Aug 6.4 9.8 0.0 0.0 0.0

Sept 7.9 7.2 0.0 0.0 0.0

Oct 3.6 4.5 0.0 0.0 0.0

Nov 6.7 1.0 0.0 0.0 0.0

Dec 7.6 0.5 4.1 0.3 4.4

Jan 4.0 0.2 5.6 0.2 5.8

Feb 9.4 0.2 3.8 1.0 4.8

Mar 6.9 0.7 9.7 1.5 11.2

---------------------------------------------------------------

YEAR 86.4 56.4 26.0 3.6 29.6

Lets try to get such output using R.
I am going to start from the end of a simulation I did in R, the final codes of which looked like following.
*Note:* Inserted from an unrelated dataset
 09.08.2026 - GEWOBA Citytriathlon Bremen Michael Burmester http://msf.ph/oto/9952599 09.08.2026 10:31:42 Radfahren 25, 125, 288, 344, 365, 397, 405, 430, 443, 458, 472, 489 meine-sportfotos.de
I had to write it to get the monthly and annual aggregates of the streamflow
library(zoo); library(chron)
Date<- seq(as.Date("1970-04-01"), as.Date("1980-03-31"), by = 1)
streamflow<- zoo(WATBAL, order.by = Date) ## WATBAL is an output file from the simulation
Lets create function to obtain annual and monthly sums

annual<- function(Date, result.file)as.integer(as.yearqtr(time(result.file))-0.25) This is because, I needed to start the year from April instead of January.
monthly<- function(Date, result.file) as.Date(as.yearmon(time(result.file)))
annual.flow<- aggregate(streamflow, annual(Date, streamflow), sum)
monthly.flow<- aggregate(streamflow, monthly(Date, streamflow), sum)
##This gives outputs like these
annual.flow
annual.flow
Ppt Et GwF Ro Sflow
1970 105.9 54.5 50.1 3.1 53.4
1971 86.2 53.5 25.6 3.5 29.2
1972 108.5 52.8 55.3 1.0 56.5
1973 103.9 56.5 48.3 2.2 50.7
1974 102.8 51.4 49.6 2.0 51.8
1975 106.5 56.1 46.2 5.5 51.7
1976 95.7 51.6 41.1 2.0 43.2
1977 133.8 54.2 68.3 10.4 78.5
1978 86.0 54.4 40.2 3.3 43.6
1979 100.4 53.9 45.3 2.9 48.2

monthly.flow
monthly.flow
Ppt Et GwF Ro Sflow
1970-04-01 3.5 2.4 1.1 0.0 1.1
1970-05-01 9.6 8.4 2.5 0.0 2.5
1970-06-01 7.7 11.1 0.1 0.0 0.1
1970-07-01 7.4 12.0 0.0 0.0 0.0
1970-08-01 15.7 10.1 0.0 1.4 1.4
1970-09-01 12.3 6.5 3.3 0.0 3.3
1970-10-01 14.2 3.9 5.6 0.2 5.8
1970-11-01 12.4 0.0 14.6 0.5 15.2
1970-12-01 3.5 0.0 5.6 0.0 5.6
1971-01-01 4.2 0.0 3.2 0.1 3.4
1971-02-01 10.5 0.0 5.7 0.8 6.5
1971-03-01 4.9 0.1 8.4 0.1 8.5
1971-04-01 3.3 2.0 1.5 0.0 1.5
1971-05-01 4.9 7.4 0.6 0.0 0.6
1971-06-01 13.2 11.6 0.0 0.1 0.1
1971-07-01 12.5 11.4 0.0 0.5 0.5
1971-08-01 6.4 9.5 0.0 0.0 0.0
1971-09-01 7.9 7.3 0.0 0.0 0.0
1971-10-01 3.6 4.3 0.0 0.0 0.0
1971-11-01 5.2 0.0 0.0 0.0 0.0
1971-12-01 6.4 0.0 4.3 0.3 4.6
1972-01-01 5.7 0.0 5.8 0.1 5.9
1972-02-01 6.1 0.0 3.9 1.0 4.9
1972-03-01 11.0 0.0 9.5 1.5 11.1
1972-04-01 9.0 2.1 7.6 0.0 7.7
1972-05-01 15.4 8.2 8.3 0.1 8.3
1972-06-01 14.8 9.7 2.4 0.3 2.7
1972-07-01 4.4 12.3 1.9 0.0 1.9
1972-08-01 7.7 9.2 0.0 0.0 0.0
.
.
.
.
.
Now I needed to combine those two file and get the output like the first one, for the whole simulation period
Here how I did using the cat() and print() function

mth<- rep(seq(1970:1979), each = 12)

Split the data;it should be a zoo object(a chronological object),as here data is handled according to the time)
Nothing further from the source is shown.